What are the critical elements of a Threat and Vulnerability Assessment (TVA) in the context of initial community reviews? Understanding the organisations that can influence the success (or otherwise) of your operations are the stakeholders that contribute to the ‘human terrain’. Mapping the human terrain creates the conditions for establishing and shaping the socio-cultural framework to enable investment and operational planning, preparation, execution and assessment. The human terrain should be researched and designed as early as possible. Once a firm has extended and promoted a certain approach it is difficult to change direction.
Core to understanding the human terrain is the conduct of stakeholder mapping. Done well a stakeholder map will be conducted as an interdepartmental activity that combines data mining with local research. The principle of source validation and reliability is key. Local sources are typically drawn from across the community, businesses, local suppliers and providers, law enforcement, international community groups and non-government agencies and the media. Single sources of information should be noted as being of questionable reliability. The stakeholder map will then logically lead an organization to the conclusion of the most influential and powerful stakeholders that will need a subsequent channel strategy developed to ascertain and win their support and confirm their ‘buy-in’ on the project or programme.
Channel strategies can then developed as tasks with defined objectives under a Purpose (what) –Method (how)- Endstate (the final desired position) structure. This can be assigned to Task Leaders inside the scoping stages. Often, and most effectively this will be conducted as part of the initial business case for market entry or project start up.
Stakeholder databases are then developed that list the details of stakeholder groups and members by name with contact details and affiliations.
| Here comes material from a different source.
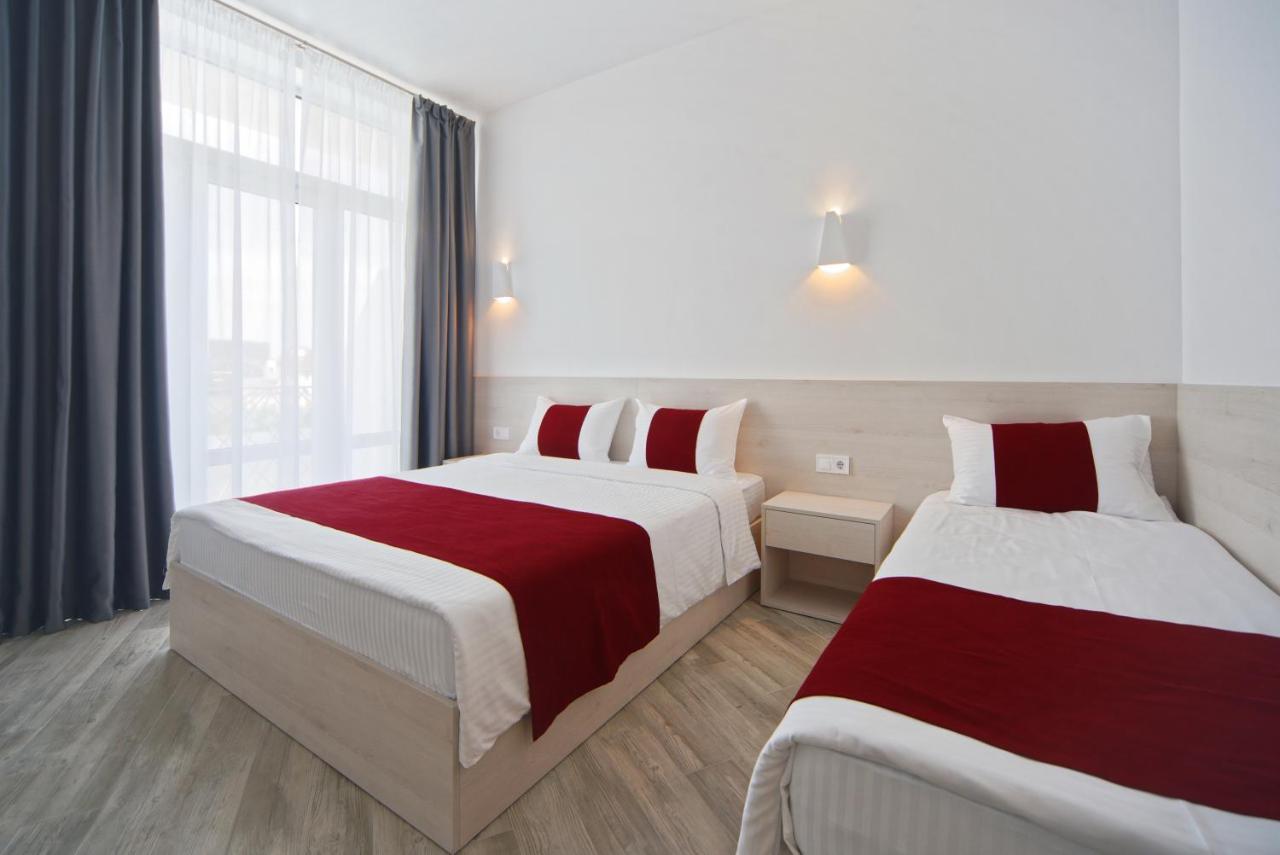 Seamona - Твой Дом У Моря Hotel Zatoka Bagian luar foto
Whilst noting the sensitivity of this style of database, these should be asynchronous and accessible/ shared remotely across select departments of the organization to allow review and updates. The stakeholder database will be a living document that shows the assessment of individuals and each group’s Centre of Gravity, their motivations and interrelationships. Ideally it will also carry ratings on reliability and date/ time stamps for when outreach was conducted to that group or individual. Web based tools can provide suitable ‘software as a service’ architecture for stakeholder databases.